The Act’s primary purpose “relat(es) to community resilience and biodiversity protection through land use.” What had received most, if not all, of the media and political attention was the Act’s changes to the State’s environmental law, Act 250.

The tax, referred to as the Vermont Property Transfer Tax, is assessed on all property transfers and is customarily paid by the buyer at closing.
Prior to August 1, 2024, the tax on a $500,000 sale to a nonresident would have been $7,250.
Under the new law, after August 1, 2024, a resident would pay a tax of $5,410, while a nonresident would pay $18,100 for the same house, priced at $500,000. This amount is an increase of $10,850 from what the nonresident would have owed under the previous law. According to several local real estate brokers, nonresidents are scrambling to close on their Vermont second home before August 1st.
I realize how desperate Vermont is for money. I am not surprised that the Legislature would go after another ‘deep pocket’ source of funds. Just to confirm this point, the legislation was adopted in mid-June at the Legislature’s veto-override session, with Sections 73 and 74 to take effect seven weeks later. Do you sense the urgency?
The tax part of the legislation is just another indication that our legislators are sticking it to the nonresident homeowners in Vermont. The fact of the matter is that the second homeowners contribute so much to the State.
In southwestern Vermont, many of our nonprofit organizations have been the beneficiaries of the generosity of nonresident homeowners. Calculating the second homeowner’s years of financial contributions, patronage, and service to the nonprofit sector would be near impossible.

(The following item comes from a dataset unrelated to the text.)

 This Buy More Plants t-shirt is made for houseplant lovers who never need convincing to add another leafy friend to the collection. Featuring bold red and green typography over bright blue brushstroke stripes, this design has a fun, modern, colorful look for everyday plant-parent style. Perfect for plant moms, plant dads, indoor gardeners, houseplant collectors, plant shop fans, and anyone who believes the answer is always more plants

The sustainability of many cultural institutions would be nonexistent without the second homeowner. The employment of service firms, construction contractors, landscape service firms, food vendors, and others owe much of their operational success to this sector of Vermont homeowners.

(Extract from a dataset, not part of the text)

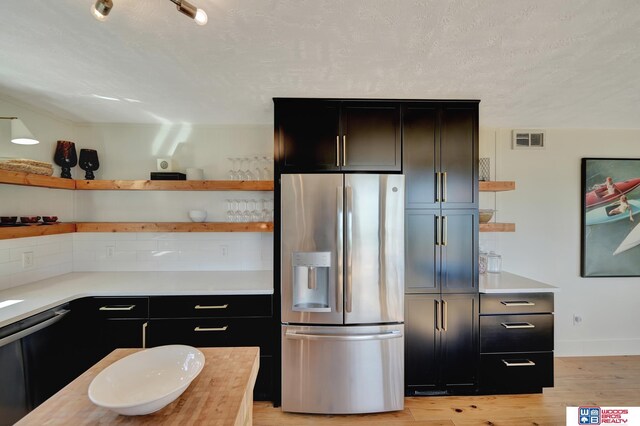 209 N Maloney Dr, North Platte, NE 69101 - kitchen with open shelves, stainless steel fridge, light countertops, backsplash, and light wood-style floors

It is not only in Vermont that the wealthy are targets. In an article in the July 6, 2004 Wall Street Journal, Carol Platt Liebau and Frank Ricci noted, “Connecticut’s affluent residents should be seen not as assets to be exploited but as partners who can change the state for the better. Our wealthiest residents are generous in pursuing the common good.”

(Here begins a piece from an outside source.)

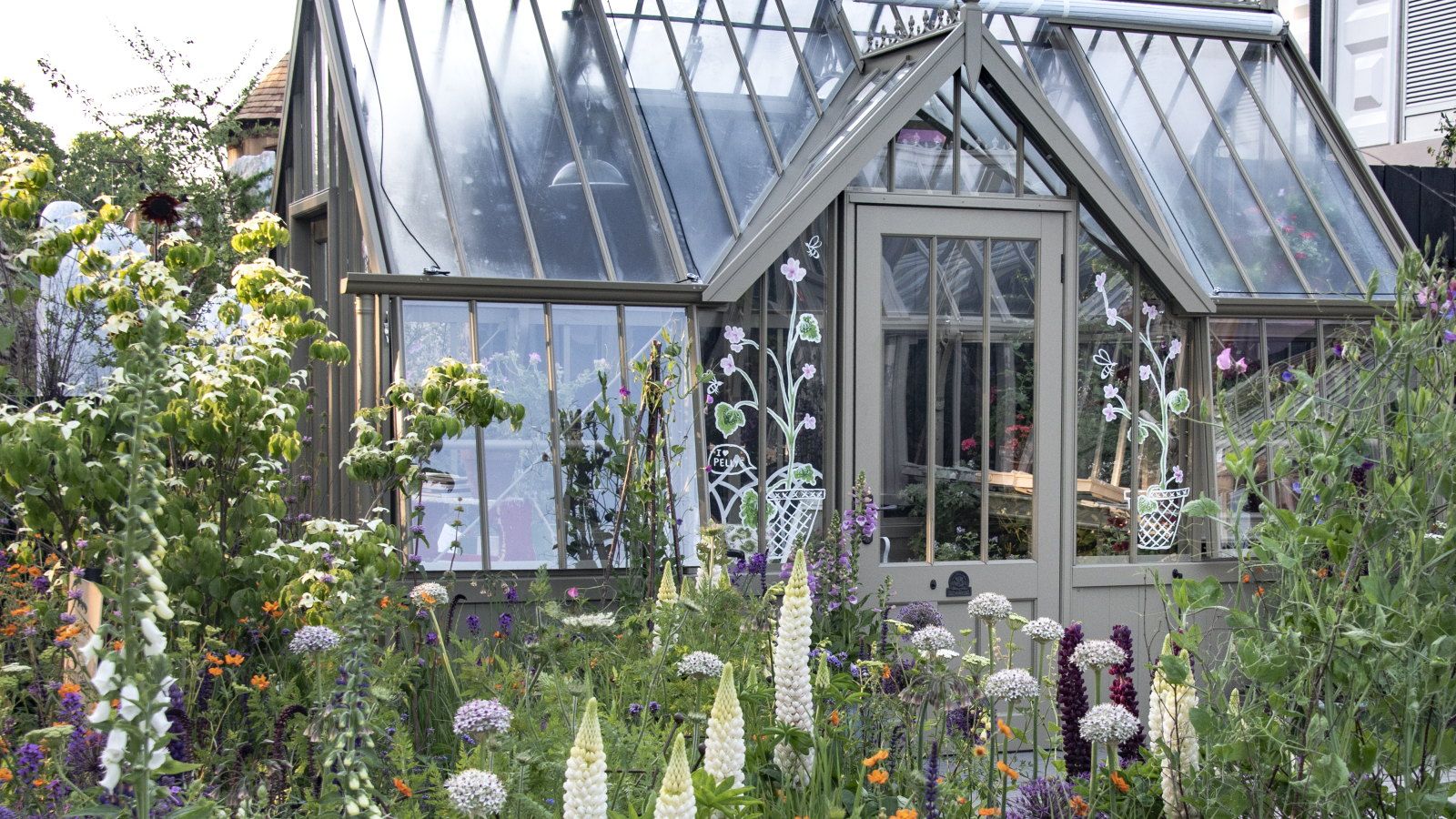 A grand greenhouse surrounded by flower-filled beds at the Chelsea Flower Show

Why the area’s nonprofit organizations, which depend so much on the second homeowner, have not spoken out on the recently passed Vermont Property Transfer Tax can be rationalized because they wish not to disturb another significant source of their funding: Vermont state grants.
I realize that for many legislators who represent geographic areas of Vermont, the existence of second homeowners in their districts is of little significance. Therefore, assessing the second homeowner with a substantial increase is of no concern: if they can afford a second home, they can afford the tax increase.
What is unacceptable is for the Legislature to place a target on their backs and go after them for more and more taxation. One only needs to know what was also buried in H.887: an increase in the short-term rentals tax from 9% to 12%, beginning on August 1st.
I doubt the target will be removed anytime soon with so many Progressives in the Legislature.
Some fifty years ago, the State helped those in need while, at the same time, it was able to fund certain school districts needing financial help (The Foundation Formula) and take care of the State’s infrastructure. Today, the State funds many social programs, i.e., housing, health care, homelessness, addiction recovery, daycare, etc. Meanwhile, it faces a huge unfunded pension liability, billions in school deferred maintenance, and, more recently, flood damage recovery.
The Legislature and the Administration need to realize that increasing tax rates will not be sufficient to cover the State’s current plans. Vermont needs to be more welcoming and increase its tax base, not its tax rates.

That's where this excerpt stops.